Stored records
+++

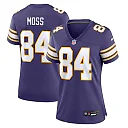 Zennovawear Randy Moss Minnesota Vikings Women's Classic Retired Player Game Jersey - Purple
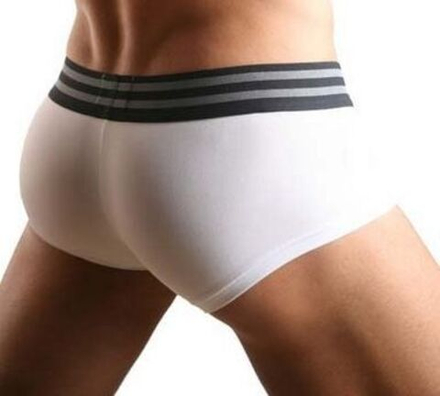 Мужские трусы хипсы белые HOM Sports Color Therapy Trunk White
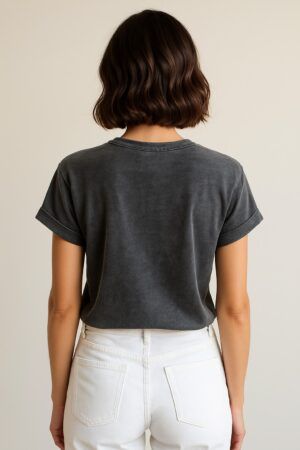 Camiseta manga corta desgastada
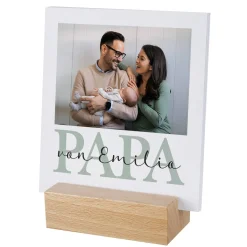 Tischkalender 2026 - für den besten Papa mit Ihren Wunschfotos bedruckt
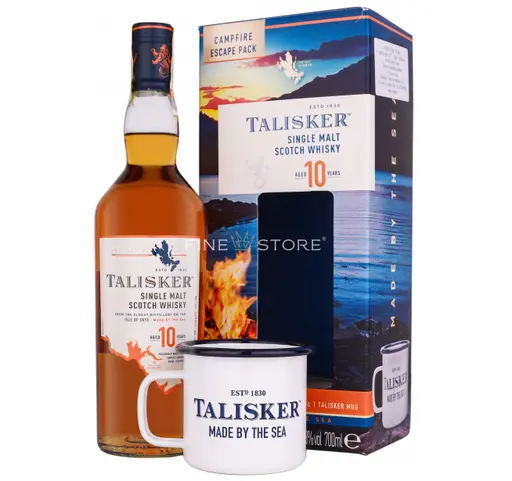 Talisker 10 Ani Whisky + Cana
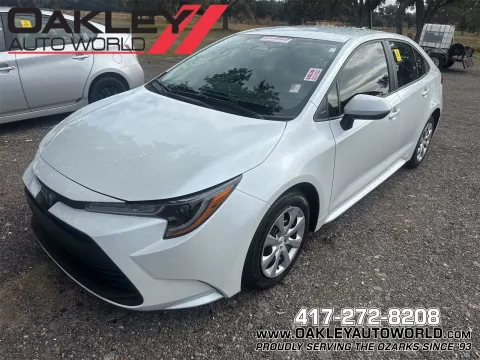White 2025 Toyota Corolla LE for sale in Branson West, MO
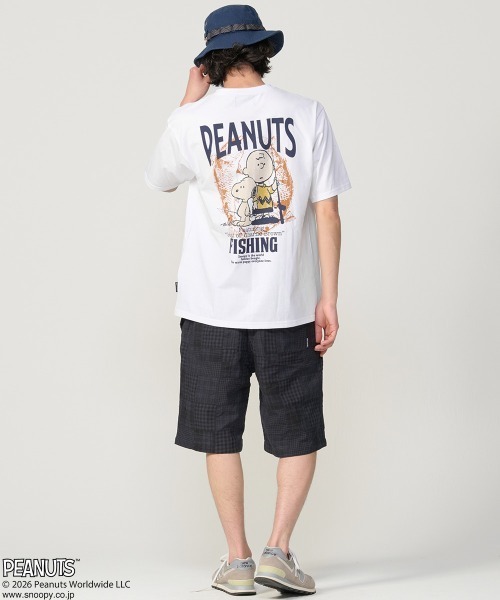 KRIFF MAYER(クリフメイヤー)の「【接触冷感・吸水速乾・毛玉防止】スヌーピープリントT(釣り)(Tシャツ/カットソー・メンズ・ライトグリーン/オフホワイト/ネイビー/チャコール・MEDIUM/LARGE/X-LARGE)」の12枚目の写真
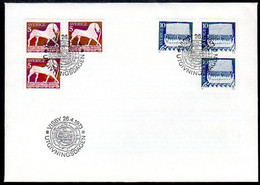 SWEDEN 1973 Definitive: Horse And Viking Ship  FDC.  Michel 799-800 - FDC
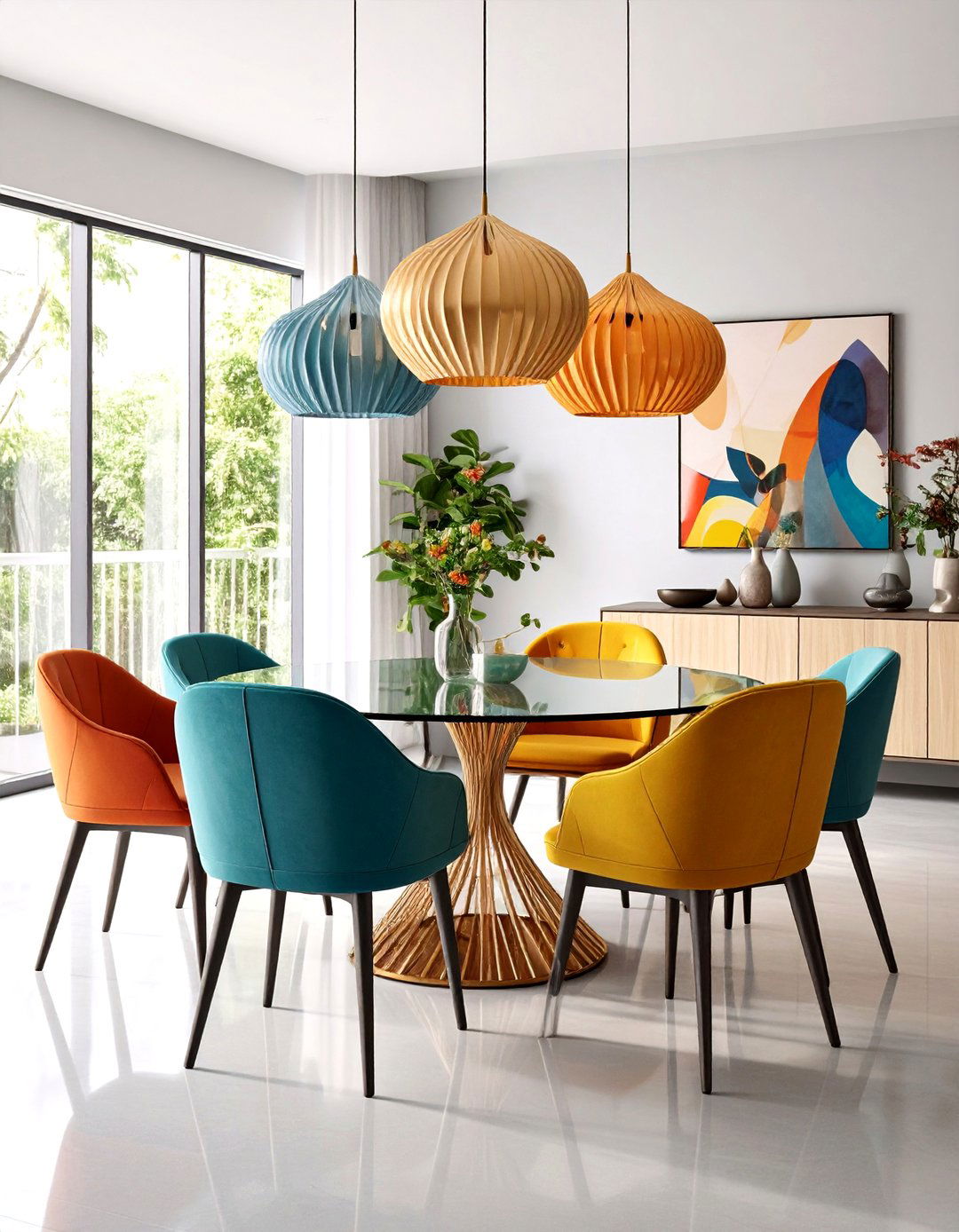 Contemporary Eclectic Dining Room - 24 Eclectic Dining Room Ideas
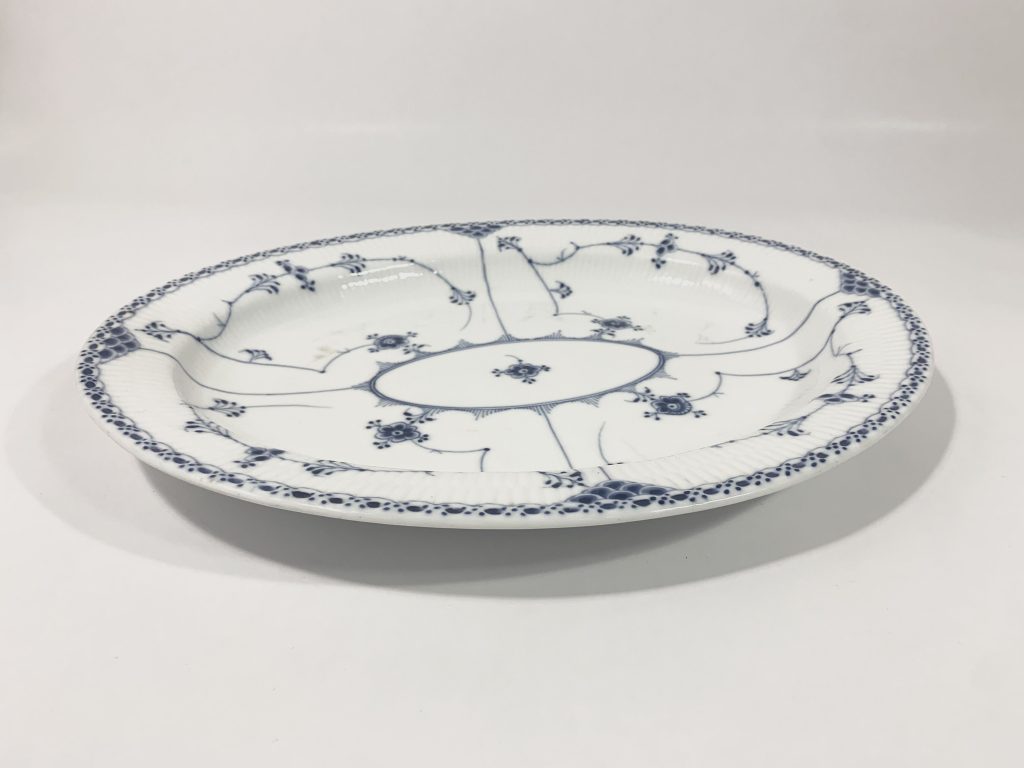 Royal Copenhagen Blue Fluted Half Lace 534 Serving Tray Platter 41 cm 1923-1934
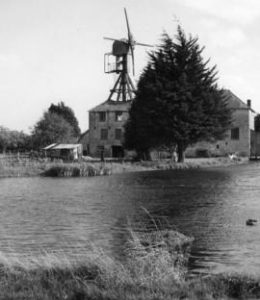 View across the millpond, Hackett's Mill, West Ashling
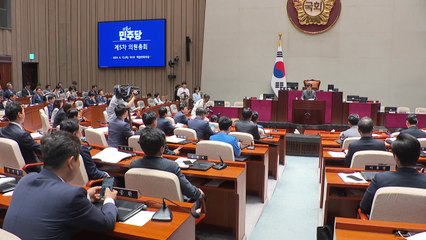 민주, '김 여사 특검·방송3법' 등 23개 법안 당론 채택 / YTN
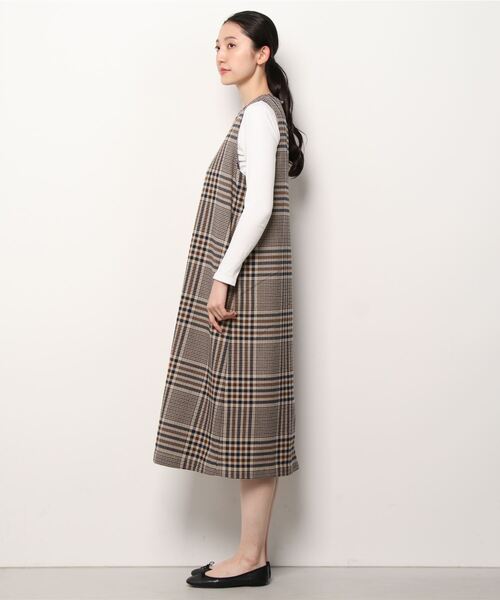 BEAMS BOY(ビームスボーイ)の「ノースリーブワンピース(ワンピース・レディース・オレンジ・ONE SIZE)」の2枚目の写真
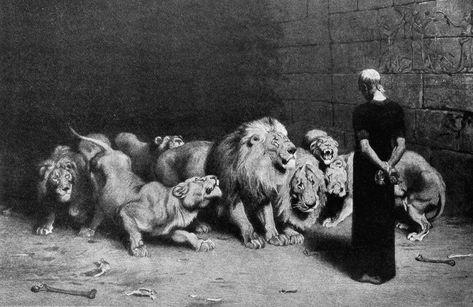 06 Daniel 06 - Daniel in the Den of Lions | Frank Zimmerman | Flickr Daniel In The Bible, Daniel And The Lions Den, Pagan Culture, Daniel In The Lion's Den, Bible Tools, Christian Articles, Fiery Furnace, Daniel 3, Daniel And The Lions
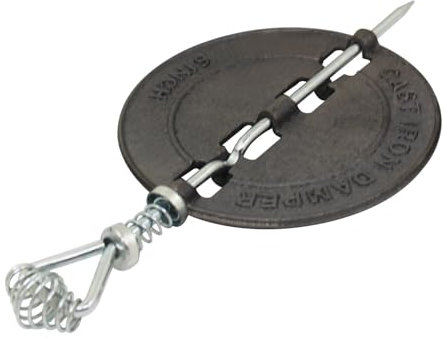 Ofenrohr drosselklappe kaminofen Kamin Schornstein Gusseisen regler Rauchrohr Klappe rauchrohrklappe kaminschieber regulierklappe für rauchrohranschluss kaminrohr rohr (142mm für 6 Zoll)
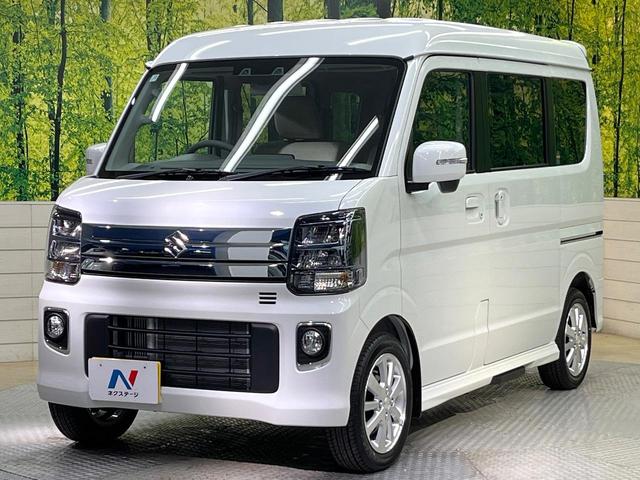エブリイワゴン PZターボスペシャル ターボ 届出済未使用車 両側電動ドア スズキセーフティサポート 電動サイドステップ リヤサーキュレーター シートヒーター コーナーセンサー スマートキー LEDヘッド オートライト オートエアコン(35枚目)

+++

Instructions to follow
Within these entries, output exactly the lines starting at the one with "SWEDEN 1973 Definitive: Horse" and finishing at the one with "Ofenrohr drosselklappe kaminofen". Leave pictures out of the output.

Answer to this task
 SWEDEN 1973 Definitive: Horse And Viking Ship  FDC.  Michel 799-800 - FDC
 Contemporary Eclectic Dining Room - 24 Eclectic Dining Room Ideas
 Royal Copenhagen Blue Fluted Half Lace 534 Serving Tray Platter 41 cm 1923-1934
 View across the millpond, Hackett's Mill, West Ashling
 민주, '김 여사 특검·방송3법' 등 23개 법안 당론 채택 / YTN
 BEAMS BOY(ビームスボーイ)の「ノースリーブワンピース(ワンピース・レディース・オレンジ・ONE SIZE)」の2枚目の写真
 06 Daniel 06 - Daniel in the Den of Lions | Frank Zimmerman | Flickr Daniel In The Bible, Daniel And The Lions Den, Pagan Culture, Daniel In The Lion's Den, Bible Tools, Christian Articles, Fiery Furnace, Daniel 3, Daniel And The Lions
 Ofenrohr drosselklappe kaminofen Kamin Schornstein Gusseisen regler Rauchrohr Klappe rauchrohrklappe kaminschieber regulierklappe für rauchrohranschluss kaminrohr rohr (142mm für 6 Zoll)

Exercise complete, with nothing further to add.